When a high-profile television presenter makes an age-discrimination claim against the BBC you can be sure there’ll be a frenzy of media attention.
That’s exactly what happened in the case of Miriam O’Reilly, one of the former hosts of the TV show, Countryfile. O’Reilly lost her job when Countryfile was moved to a primetime slot and the BBC decided to freshen things up. She was replaced by younger presenters.
O’Reilly took the case to an employment tribunal and, as was widely reported, she won her claim of age discrimination and victimisation. It was an important story and understandably attracted the attention of all the main news outlets including newspapers, radio and TV.
It was a tremendous boost for O’Reilly who, ironically, found herself in front of the BBC cameras again as she told her side of the story for TV news. She wasn’t the only winner, however.
Behind the scenes, the tribunal victory was also great news for the law firm that represented her: Leigh Day & Co. For as O’Reilly spoke for the TV cameras, the background behind her showed ‘Leigh Day’ written out several times on a large board.
This was on primetime TV news being shown to millions of people all across the country. It was priceless publicity, and I mean ‘priceless’ quite literally because you couldn’t buy that kind of publicity at any price. You could go to the BBC or any TV news programme and offer them millions to show your logo in that way and they would turn you down.
How ironic, then, that Leigh Day was able to get that kind of exposure for free.
The reason the media went along with it of course was because of the strength of the story, and in the end they had no choice. They wanted to interview O’Reilly, and that meant doing so in front of the Leigh Day logos.

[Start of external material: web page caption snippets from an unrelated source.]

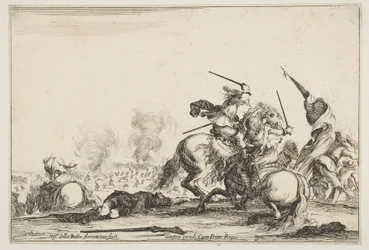A Skirmish, Two Horsemen Battling with Swords to the Right, Men Carrying a Flag Running, ca. 1645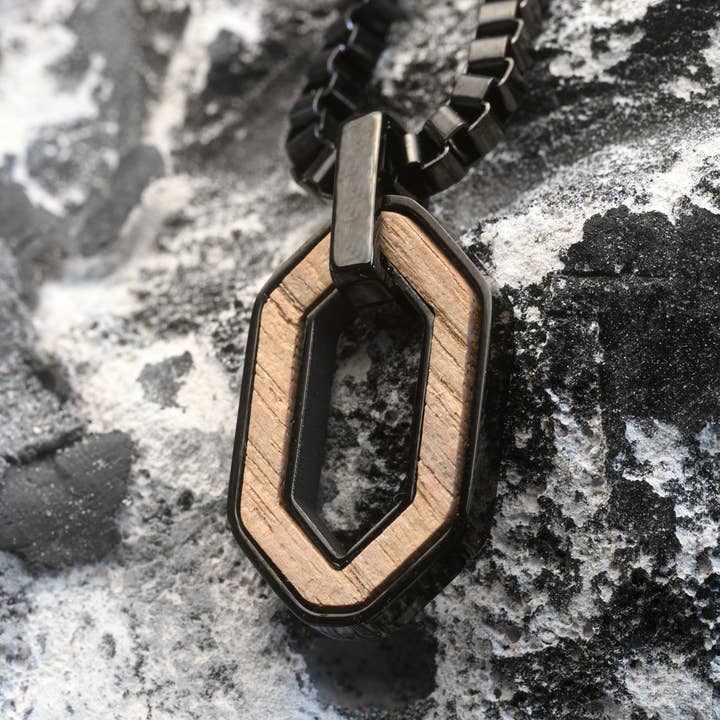 Stainless Steel Necklace for Men with Whiskey Wood inlay | Ridge for wholesale by Bear Essentials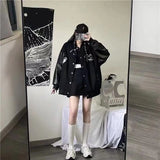 Yipinpay Baseball Bomber Jacket Women Goth Harajuku Patchwork Oversize Leather Jackets Kpop Korean Streetwear Gothic Spring Coat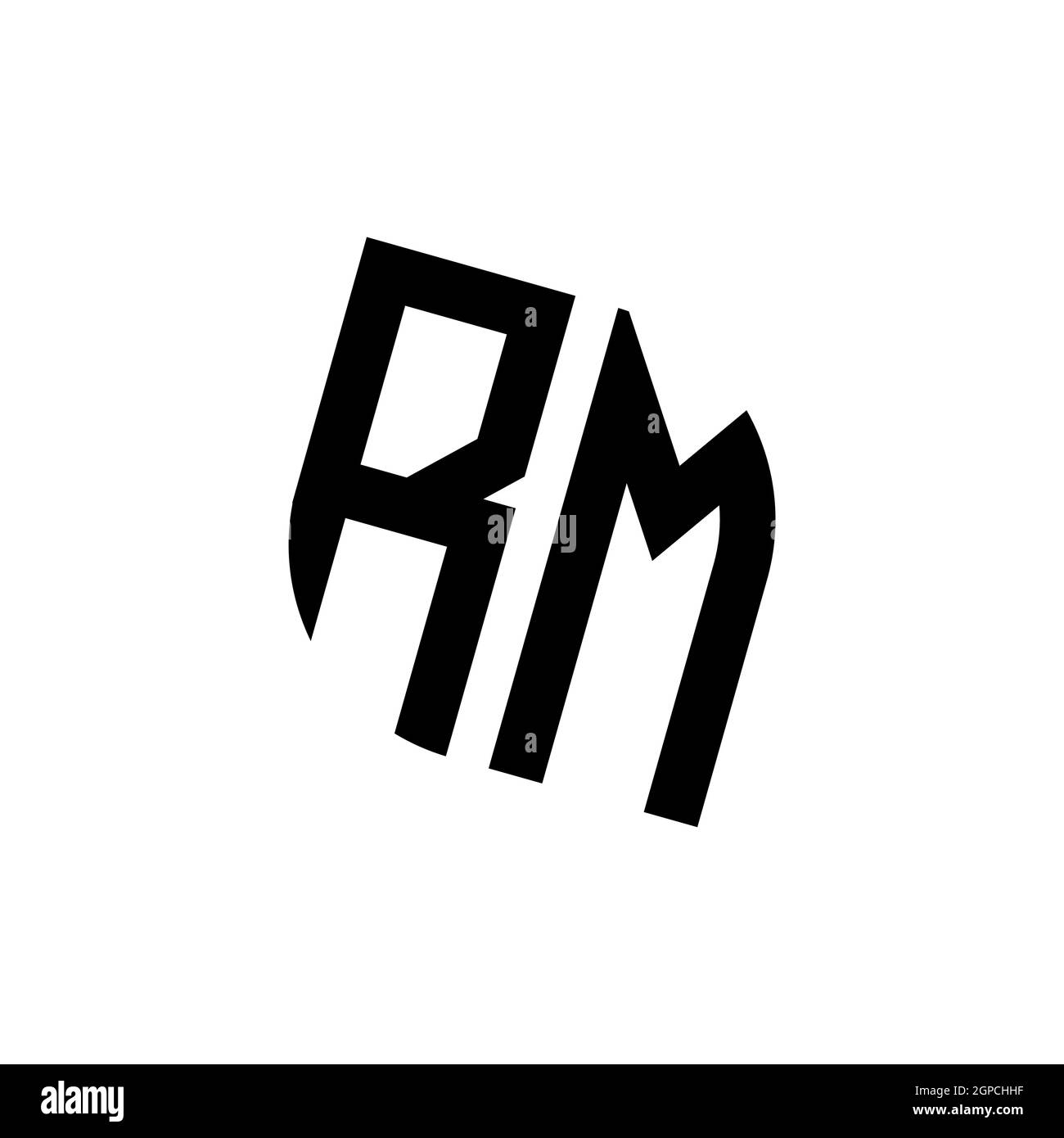Logo RM con modello di design monogramma vettoriale di forma geometrica isolato su sfondo bianco Illustrazione Vettoriale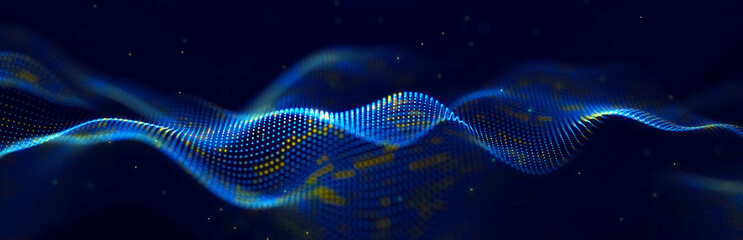 Leinwandbilder - Beautiful curved wave on a dark background. Digital technology background. Concept of network. 3D
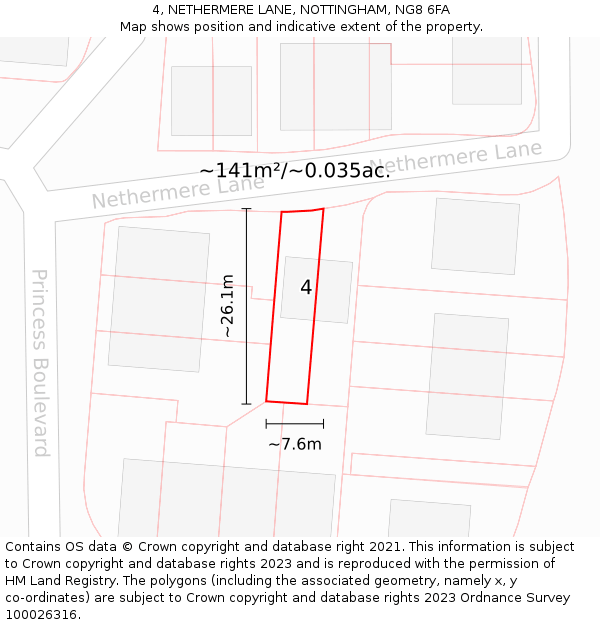 4, NETHERMERE LANE, NOTTINGHAM, NG8 6FA: Plot and title map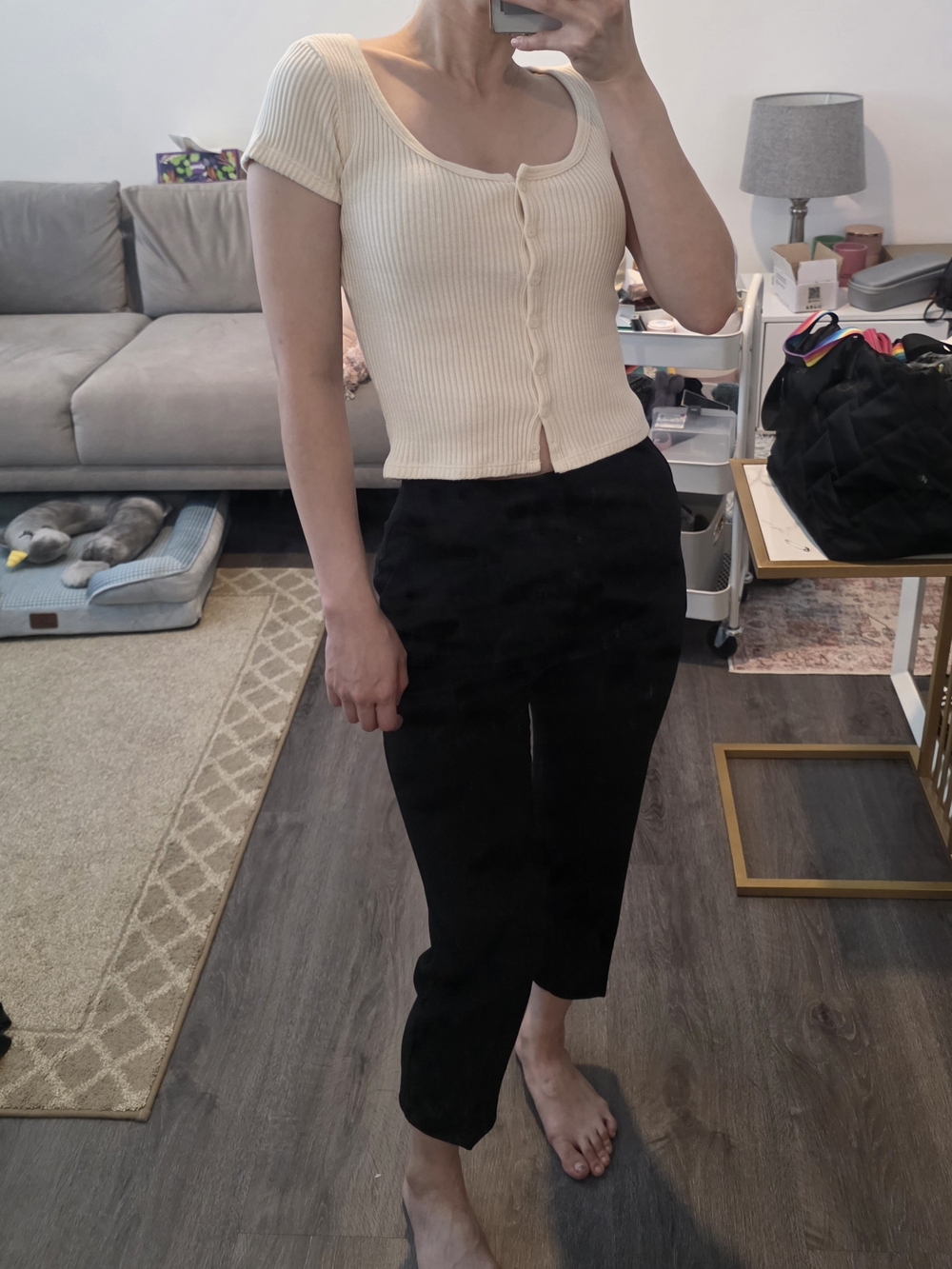 Brandy Melville Cream Ribbed Button-Front Cropped Top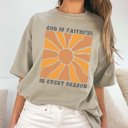 2X Khaki God is Faithful Comfort Color Tee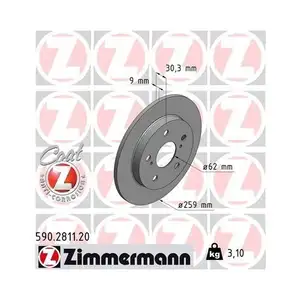 Zimmermann 590.2811.20 Bremsscheiben 2 St&uuml;ck TOYOTA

That didn’t happen by accident, however. It would have been very easy for a law firm to miss out on the publicity because it failed to realise its potential. I regret to say that this happens to law firms all the time. Thankfully not in this case, because it seems Leigh Day handled it properly.
I wasn’t involved in this case, but as a TV journalist I attended hundreds of press conferences and can see how the media circus was handled. Leigh Day obviously knew it was involved in a major story and that the media would want to interview O’Reilly as soon as the tribunal decision was announced.
At that point, the firm could have simply given out O’Reilly’s contact details and let the media get on with it. But then the interviews would have taken place at her home or in a TV studio and there would be no exposure for the Leigh Day logo. Also, it would not be very supportive from a client-care point of view to leave O’Reilly to fend for herself.
Leigh Day obviously took a more proactive approach. It issued a press release in advance, telling the media when the tribunal decision would be announced. The press release was on its website and gave details of where and when O’Reilly would be available at a press conference to give her reaction to the decision and answer questions.
This was good for her because she was able to deal with all the media at the same time, and it was good for the media for much the same reasons – they got their interviews in a well-ordered manner without having to chase around trying to locate O’Reilly.
Leigh Day was rewarded with publicity that spread across the whole media spectrum.
Of course, such high-profile cases don’t come along every day, but if you did find yourself in the middle of a media circus, are you confident you would know how to handle it? It would be a shame not to make the most of it.